Technology was a fast-moving thing for us Boomers.
True, the quantum leaps in miniaturized electronics that take place every other day today are far greater than innovations were for us, but still, many completely new concepts were hatched during our heyday.
For example, during the late 1960’s, thermotropic thermometers became popular as hassle-free instruments to take nervous kids’ temperatures.
All you did was lay the little plastic strip on the sick child’s forehead, and the temperature would be magically displayed by a number that would show up against a dark background.
The technology used liquid crystals, which would align their molecules at various temperature ranges, thereby changing their colors.
A jewelry designer named Marvin Wernick observed a doctor using one of the magic thermometers in the late 60’s and envisioned a gold mine.

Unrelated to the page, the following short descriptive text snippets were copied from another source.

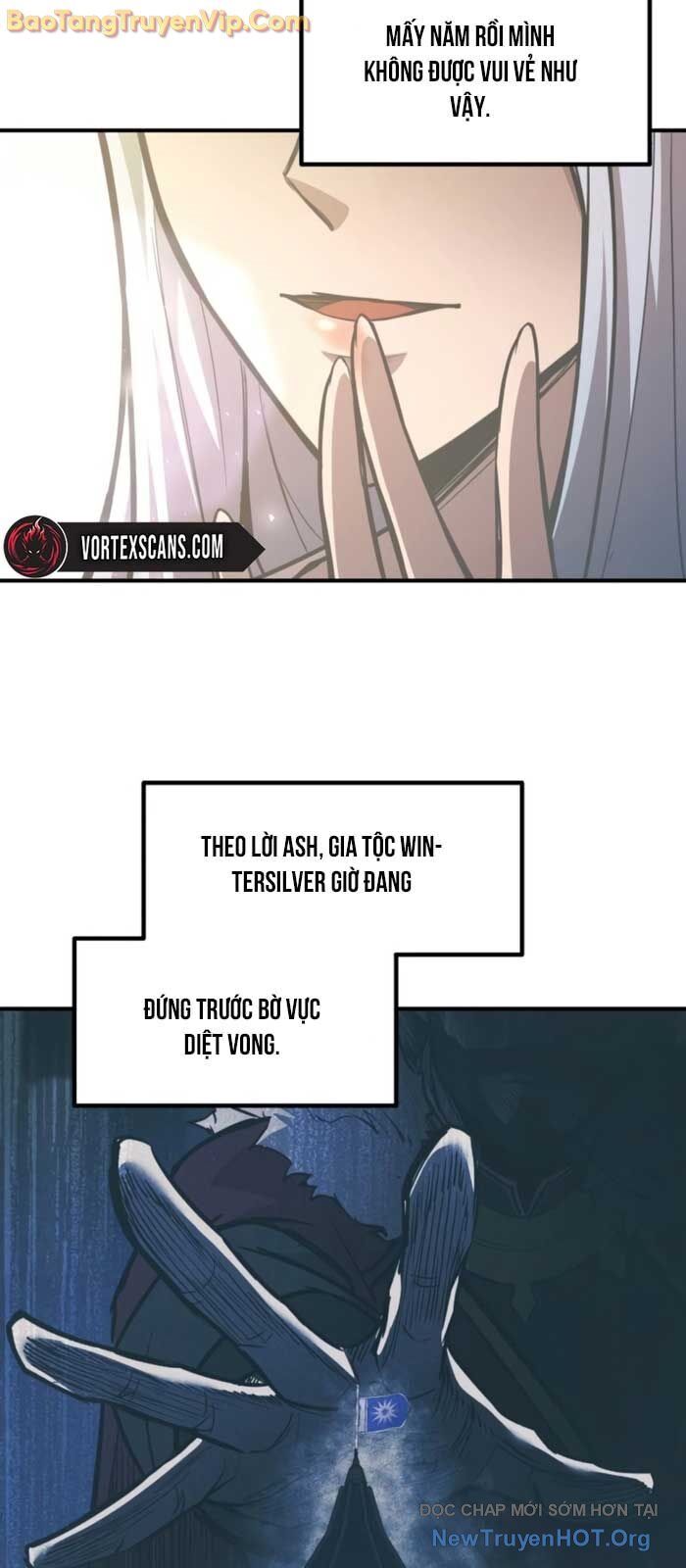 Trở Thành Hung Thần Trong Trò Chơi Thủ Thành Chapter 132 - Trang 43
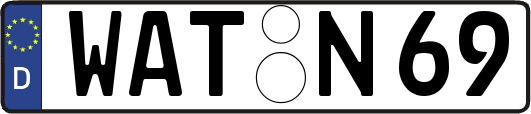 WAT-N69
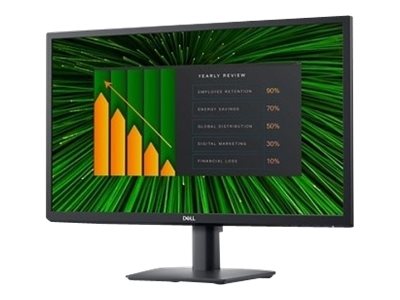 Dell 24 Monitor E2423hn 60.5 Cm (23.8)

Wernick obtained some of the thermotropic material and placed a thin layer of it under a rounded glass face. Once the assembly was mounted on a ring base, the mood ring was born.

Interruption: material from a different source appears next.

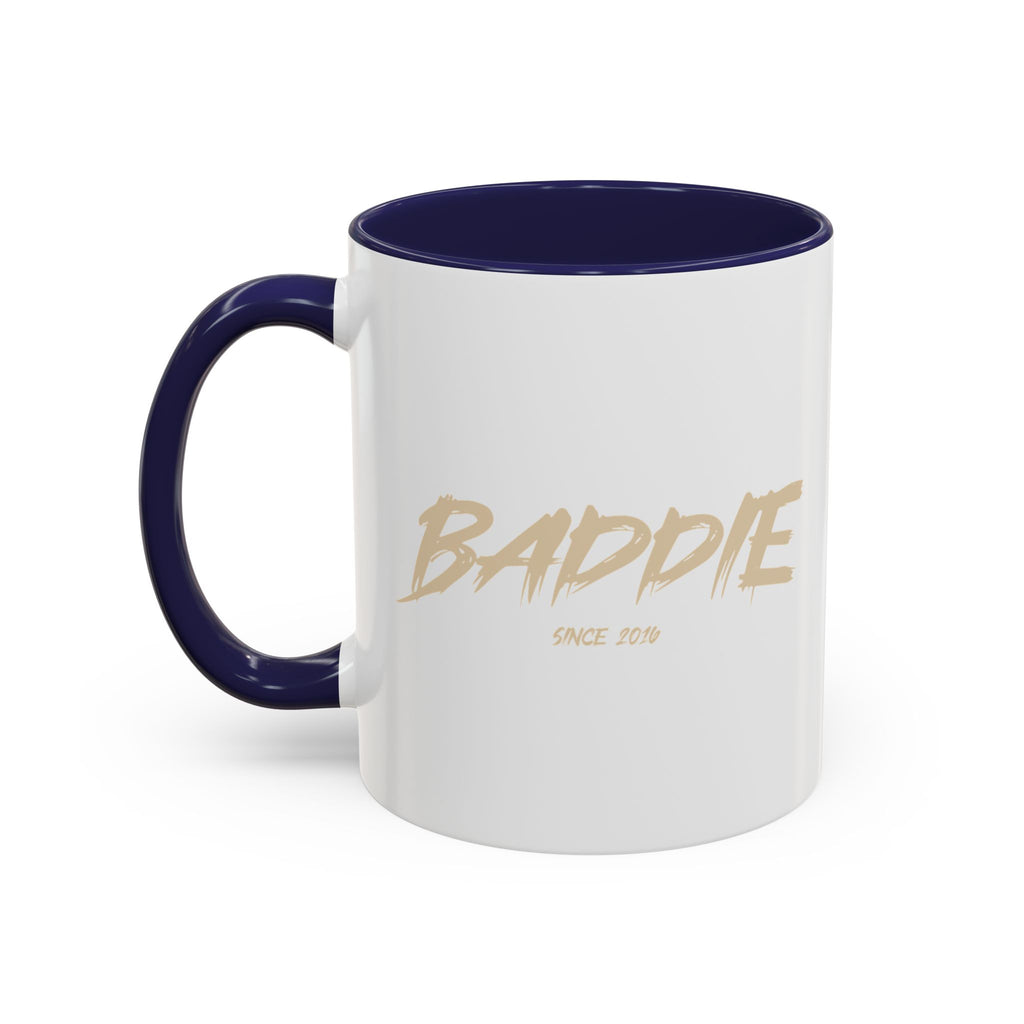 Baddie Coffee Mug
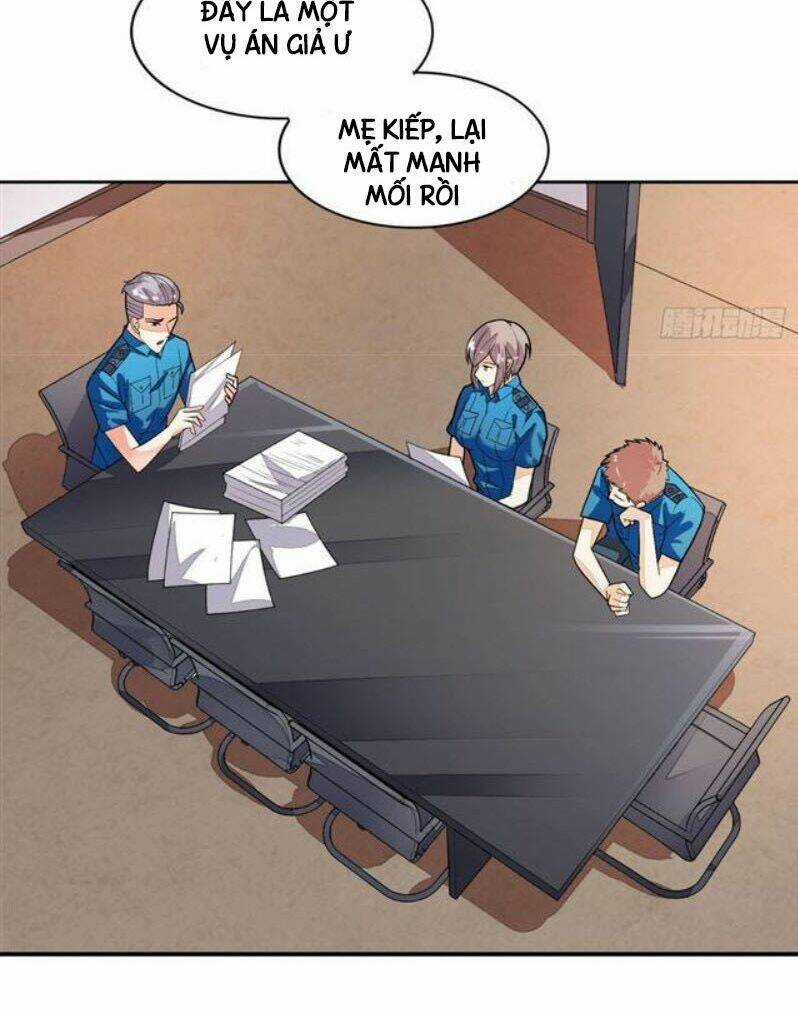 Wechat Siêu Cấp - Chapter 25 - Trang 11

Wernick also penned a little blurb that was included with the ring, and the foundation was laid for a brand new craze.
The ring’s colors were to be interpreted thusly:
* Dark blue: Happy, romantic or passionate
* Blue: Calm or relaxed
* Blue-green: Somewhat relaxed
* Green: Normal or average
* Amber: A little nervous or anxious
* Gray: Very nervous or anxious
* Black: Stressed, tense or feeling harried
The whole thing was based on the temperature changes of human skin. Many of us fervently believed in the power of mood rings to display our emotional state to the world. Many of us figured out that the odds of taking an accurate temperature on a digit exposed to the environment were slim, and besides, our skin temperature really didn’t have a whole lot to do with our state of mind.
Oh well, they were fun, they were cool, and they were cheap.

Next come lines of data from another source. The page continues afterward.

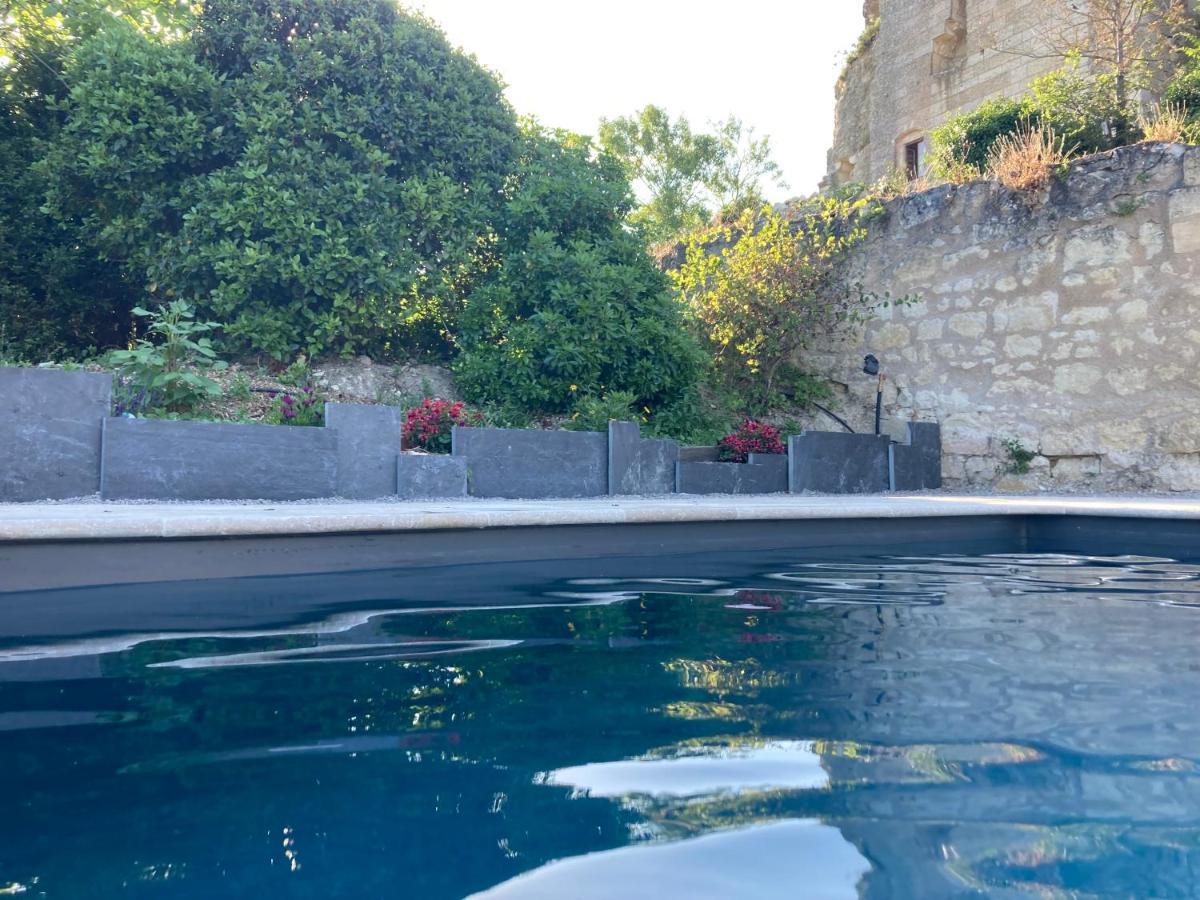 Logis Auberge De Crissay Crissay-sur-Manse Exterior foto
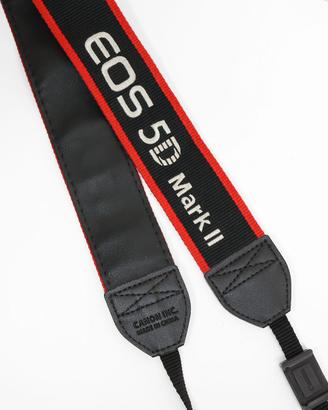 Cinghia Tracolla Originale Canon 5D mark II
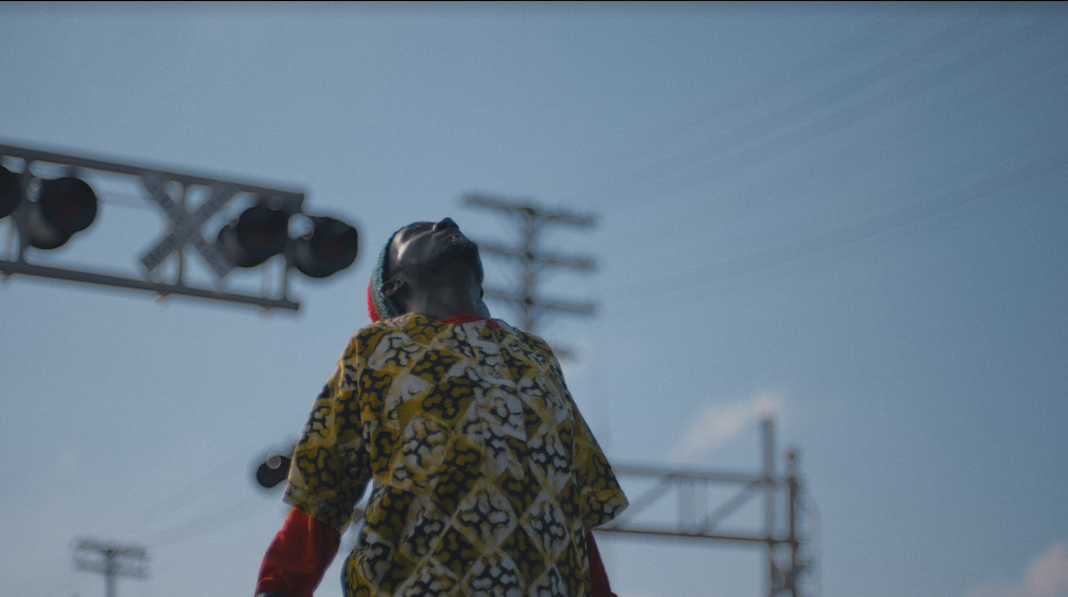 Afrovisiones de Ambulante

As the 70’s progressed, mood rings spread all over the nation, and much of the rest of the world.
Then, as all fads do, one day they began to be seen as passe. Sales slumped, they vanished.
Then, as many of those passe fads do, they began to be seen as retro and cool. They reappeared. Sales picked back up, although nowhere near the numbers during the 70’s.
Nowadays, a Google search for mood rings turns up all sorts of them offered for sale online cheap. For that matter, a trip to your local convenience store will likely reveal a display box full of them next to the cheap sunglasses and the faux-stimulants.
Boomer reader, why not grab yourself a mood ring for a couple of bucks? There aren’t too many fad items from our younger years so easily available. And you will be seen by the young kids currently running this world as being strangely retro-cool.